On Wed, May 16, 2012 at 12:29:05PM -0500, Todd Tannenbaum wrote:
> On 5/16/2012 12:09 PM, Nathan Panike wrote:
> >>Couple thoughts:
> >>
> >>1. fix your job?  what is creating the file somarun.1968334.0.xml?
> >>is there any way for your job to create this file, fail to write
> >>anything into it, and still exit with status 0 ?  me thinks there
> >>is, and that is what is happening.
> >
> >The job produces output on every run when I run it by hand. Your
> >hypothesis runs into the line above:
> >
> >	2923130  -  Total Bytes Sent By Job
> >
> >This indicates that the shadow believes output was sent back, and yet
> >the file is empty.
> >
> 
> True, my hypothesis was formulated in an absence of information /
> background... for all I know your job is producing 200 output files
> and the Total Bytes Sent is reflecting files other the one empty
> file.
> 
> Another thought --  iirc, your submitted your job to transfer on
> exit or evict... is your job truly prepared to resume with
> half-filled output files?  Maybe you want your job to only transfer
> on exit....
> 
> Yet another (depressing) thought... maybe we have a serious
> regression in the Condor file transfer code.  :(
> 

I don't know that it is a recent regression. LMCG has had policy to
handle this for ages.  When we run these soma jobs in lmcg, we have the
following:

SYSTEM_PERIODIC_HOLD = JobStatus != 3 && ( ExitCode =!= UNDEFINED && ( JobUniverse == $(VANILLA) && (RegExp("\bsoma_align\.[^/]*$",Cmd) && LastBytesSent == 0) || ExitCode != 0) || ExitBySignal == True) && OnExitHold =!= True && (OnExitRemove =?= True || TerminationPending =?= True)

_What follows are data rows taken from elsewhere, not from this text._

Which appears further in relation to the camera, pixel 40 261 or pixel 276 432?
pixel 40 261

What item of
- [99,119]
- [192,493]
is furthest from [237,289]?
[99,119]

Dan Forrest says: The SYSTEM_PERIODIC_HOLD expression will put soma jobs
on hold if they don't transfer any data back.  This is to work around a
problem with vanilla jobs (usually when they run on Windows, but I've
seen the same thing with Linux) where there will be a zero ExitCode, but
the output file size is zero.

This code was one of the reasons I am running these in CHTC: to see if
more recent versions of condor are exhibiting this and cognate problems.

Out of 11499 jobs that have completed in my run, there are 459 (4%) that
exhibited this problem.

> Todd
> 
> p.s. we probably should've had this discussion on condor-developer,
> nothing really UW FW team specific about it...
> 
> >>
> >>or
> >>
> >>2. If (1) is difficult, consider submiting with DAGMan and have the
> >>post script validate the output files.
> >>
> >That is probably what I will have to do.